Without Kura, every downstream decision is an assertion without evidence. The Compiler cannot scope what the model sees. The Ledger has nothing to check claims against. The Gate has no basis. No evidence, no grounded answer.

Why Kura Exists

Standard RAG retrieves whatever is nearest in embedding space and hands it to the model. No authority boundary, no provenance, no access control, no way to prove what the model was allowed to see. Governed inference requires a governed evidence boundary.

  • RAG without authority boundaries is retrieval, not governance
  • The model must not see evidence the caller cannot access
  • Post-generation scoring cannot fix what was never in scope
  • Every claim in the Ledger traces back to a specific chunk with provenance

What Kura Does

Transforms source documents into a queryable, tamper-evident knowledge base. Every chunk carries provenance from upload through embedding.

  • SHA-256 source hash, idempotent upsert, version-aware change detection
  • Section-aware chunking on heading boundaries with merge for undersized chunks
  • HMAC-SHA-256 watermarks per chunk — verification without database access
  • Embedding via text-embedding-3-large (512d Matryoshka)
  • Tenant provenance on every row, enforced by CHECK constraints

Pre-loaded Regulatory Corpus

Every Kenshiki environment ships with a governed evidence base covering major AI governance standards, compliance frameworks, and industry-specific regulatory guidance — 2,200+ chunks, pre-tagged with SIRE identity and crosswalk mappings. Each framework is mapped through the Ontic Compliance Catalog to enforceable obligations, so the SIRE gate knows which evidence must exist before a governed request can proceed. Governed inference works on day one.

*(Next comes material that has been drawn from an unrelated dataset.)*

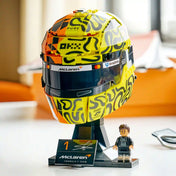 LEGO McLaren Mastercard F1 Team Lando Norris Helmet (43023) kiállítható sisakmodell állványon, Lando Norris minifigurájával és aláírásos névtáblával.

Add your own documents on top.

  • EU AI Act (Regulation 2024/1689)
  • EU GDPR
  • HIPAA Administrative Simplification
  • PCI DSS 4.0.1
  • ISO/IEC 27001:2022 — Information Security
  • ISO/IEC 42001:2023 — AI Management System
  • ISO/IEC 23894:2023 — AI Risk Management
  • NIST AI Risk Management Framework 1.0
  • NIST AI 600-1 — Generative AI Profile
  • NIST Cybersecurity Framework 2.0
  • AICPA Trust Services Criteria (SOC 2)
  • DOJ Evaluation of Corporate Compliance Programs
  • 28 industry verticals: Financial Services, Healthcare, Defense & Intelligence, Government, Legal, Energy, Life Sciences, Education, and more
  • Ontic Compliance Catalog maps each framework to abstract obligations — the SIRE gate enforces them before retrieval

How Documents Are Parsed

Docling runs GPU-accelerated layout analysis (DocLayNet), table extraction (TableFormer), and OCR (EasyOCR). Output is enriched before chunking — not after, and not by the model.

  • Two-stage pipeline: GPU parse → CPU enrichment
  • Clause ID extraction for regulatory citations (e.g., "DFARS 252.204-7012")
  • Normative language detection (SHALL/MUST/REQUIRED flags)
  • Cross-reference resolution between sections and documents
  • Quality gate rejects OCR garbage, TOC entries, and low-density chunks
  • SIRE identity tags stamped during enrichment
  • Failed parses after 3 retries: quarantined, not dropped. Ledger receives a DEGRADED_BOUNDARY annotation.

SIRE Identity System

SIRE (Subject, Included, Relevant, Excluded) is deterministic identity metadata embedded in source frontmatter during ingestion. It defines what each source covers, relates to, and must never answer. Only Excluded enforces — the other three inform discovery.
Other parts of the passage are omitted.